Sahabat Kelana ada yang mulai kangen nonton di bioskop? Semoga pagebluk cepat berakhir dan semua normal kembali. Ohiya, buat yang udah nonton film Perempuan Tanah Jahanam (PTJ), masih inget kan adegan Dini ditangkap dua ajudan Ki Saptadi. Terus kulitnya dijadikan wayang, setelah mengalami penyiksaan yang mengerikan.
Isu di dalam film ini yang masih nempel adalah sebuah pertanyaan. “Emang bener ya, ada wayang kulit yang dibuat dari kulit manusia?” Relasi budaya apa yang dijadikan referensi oleh Joko Anwar dalam konteks wayang kulit manusia sebagai salah satu benang merah di film ini.
Simbol Budaya dalam Film Perempuan Tanah Jahanam
Di dalam film ini tidak dijelaskan secara eksplisit latar kejadian. Meski, simbol-simbol budaya dapat ditemukan dari penamaan tokoh, arsitektur, pakaian yang dikenakan para tokoh, dan nama desa tempat alur utama film ini terjadi.
Penamaan desa Harjosari, arsitektur bangunan desa, dan dialek bahasa yang digunakan masyarakat di dalam film secara awam lekat dengan simbol budaya tertentu. Terlebih, dijelaskan di dalam film, setiap kepala desa haruslah seorang Dalang. Begitu juga dengan nama-nama tokoh seperti Nyi Misni, Ki Saptadi, dan Ki Donowongso.

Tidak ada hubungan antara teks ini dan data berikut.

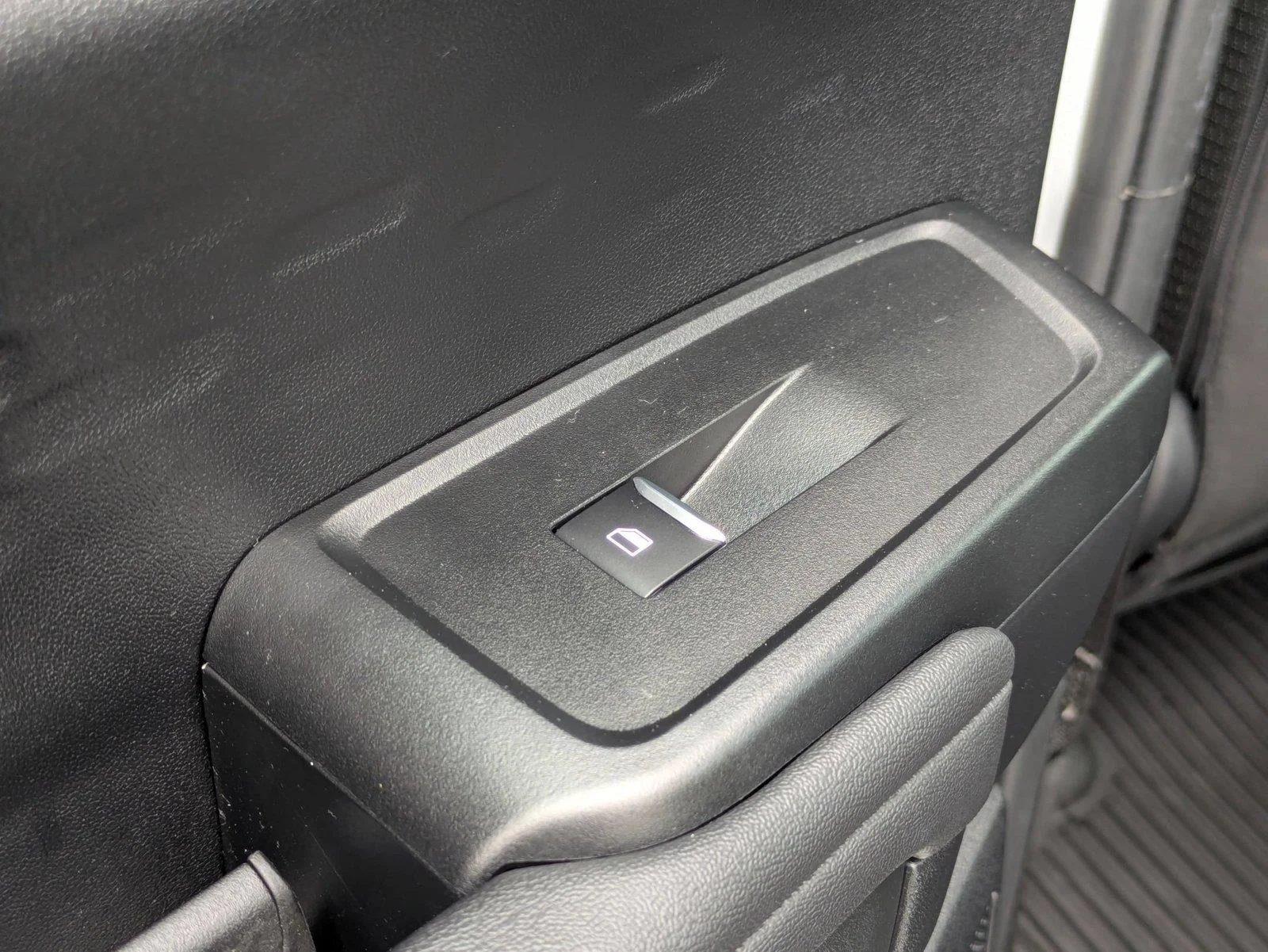 Used 2024 Oxford White Ford XL image 23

Terlepas dari elemen sadistis yang bertujuan untuk memikat penonton. Beberapa aspek di dalam film ini semakin mengerucut mengarah pada satu kebudayaan yang kental dengan simbol-simbol itu.
Wayang Kulit Manusia Mitos atau Kenyataan?
Masyarakat Jawa memiliki kecenderungan untuk menyampaikan sesuatu secara tidak langsung yaitu melalui simbol, sanepan (perumpamaan), ataupun sindiran. Gaya bahasa semacam itu sangat mengakar di dalam kehidupan masyarakat, sehingga banyak diketahui aturan tidak tertulis (Herusatoto, 1987: 86).
Otok Herum Marwoto menuliskan, di dunia pewayangan masih banyak sekali misteri-misteri yang belum terungkap, baik dalam hal kesusasteraan maupun bentuk wayangnya itu sendiri.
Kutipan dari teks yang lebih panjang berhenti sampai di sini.